One such development is a die separator. This ingenious device opens and closes molds almost instantly. The machine has a flat bottom bay with two platens. One platen is movable and the other is stationary, just as in a production press.

Here's the difference, there is no manual clamping of a mold. The platens have powerful electromagnets embedded in them. The mold is dropped into the bay, the platens are closed and the magnets are turned on. When the platen is reversed, the mold is opened instantly. The platens and the level floor keep the leader pins and bushings aligned, eliminating jammed molds.

Opening and closing molds is so easy that Eric Gehrke of Worldwide Distributors, a Lester Prairie Minnesota custom molder says, "We clean all of our molds in a separator!"
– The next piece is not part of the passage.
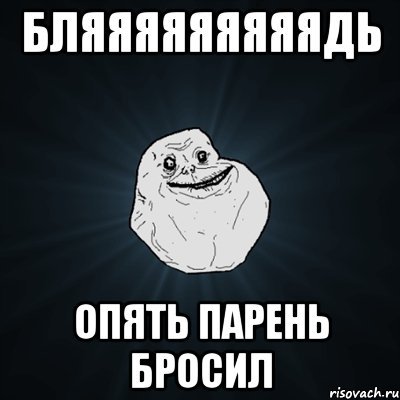 Мемы бросить парню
A separator opens and closes molds in remarkably quick time. However, this device doesn't stop there. The mold half that is left on the front, stationary platen is now ready for tipping. By simply pulling a lever, the machine's hydraulics quickly tip this half of the mold into a horizontal position. Reversing this procedure tips down and ultimately closes the mold. If the mold being worked on was a three-part mold, the crane would have remained attached to the floating section and removed after the mold had been opened to full daylight. External rails would have been removed before opening and internal rails would be pulled until they cleared the floating section. Finishing out the handiness of the die separator is the core pull feature, which allows the machine's hydraulics to be used to work cores on a mold while it is in the die separator.

"I love our mold separator," says Ray Thompson of Intralox, a producer of proprietary conveyor belts in Harahan, LA, "not only does this eliminate manual labor and make our toolroom a much better place to work, but we've caught up on our PMs."